Sankhol is a village located in Bahadurgarh, just 30 km from Jhajjar city in Jhajjar district, Haryana, India and along NH 9 (formerly NH 10). Sankhol comes in Assembly constituency 64-Bahadurgarh. The village has four polling stations (polling station no. 56, 57, 58, 59). Today the village is 403 years old (as in 2018) with 25–30 generation of people born.

Demographics
 India census, Sankhol had a population of 5178. Males constitute 54% of the population and females 46%. Sankhol has an average literacy rate of 70%, higher than the national average of 59.5%: male literacy is 78%, and female literacy is 60%. In Sankhol, 13% of the population is under 6 years of age.

History 
In Samwat 1672 (i.e. On 5TH NOVEMBER 1615 ; on Guru Nanak Jayanti ) Kartika month on Thursday Purnima  Ch. SUKHLA RATHI RATHI established the village SANKHOL along with people from 7 different cast. Ch. Sukhla Rathi was a Kshatriya originally from Tungdesh (now Prabhas Patan, Somnath, Gujrat) and moved to Sankhol in search for a better place for prosperity while halting at Hastinapur, Tamargarh, Delhi (Mehrauli), Gopalgarh, Hariyapur, Kasar, Parnala, Sarfabad (now Bahadurgarh) and finally at Sankhol.

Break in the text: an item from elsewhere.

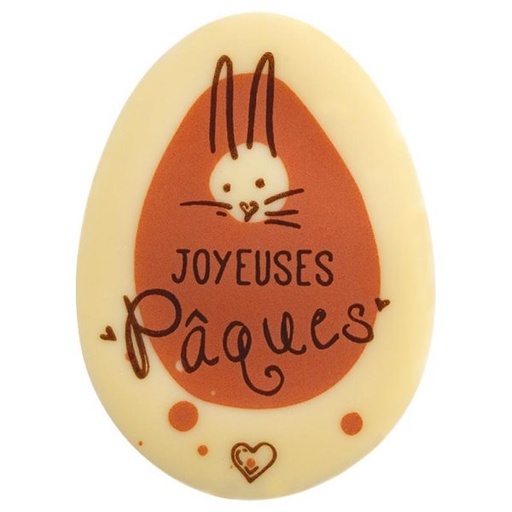 [08056860] 060900 PCB OEUFS CB LAPIN JE SUIS 2 DESIGNS 6,6X4,9 CM 80PCES ***S/CD***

The village was internally divided into three Pannas by the three brothers of 6–7 generation becoming the head of each Panna i.e. Bhortha, Gullar and Baggri.

Notable Persons

Brigadier Hoshier Singh Rathee 
Brigadier Hoshiar Singh IOM, IDSM, Croix De Guerre was the commander of the Indian 62 Brigade stationed at Sela Pass. Brigadier Singh was killed in action, along with a few Indian troops during the 1962 Sino-Indian War. Brigadier Hoshiar Singh was commended for his bravery in the war. Prime Minister Jawaharlal Nehru, along with Pratap Singh Kairon, the then Chief Minister of Punjab, had visited this village personally to pay homage to the late Brigadier.

Pandit Ram Kishan Sharma
Pandit Ram Kishan Sharma was a very noble person who lived in Bagra Paana in White House.
He was close friend of the Brigadier.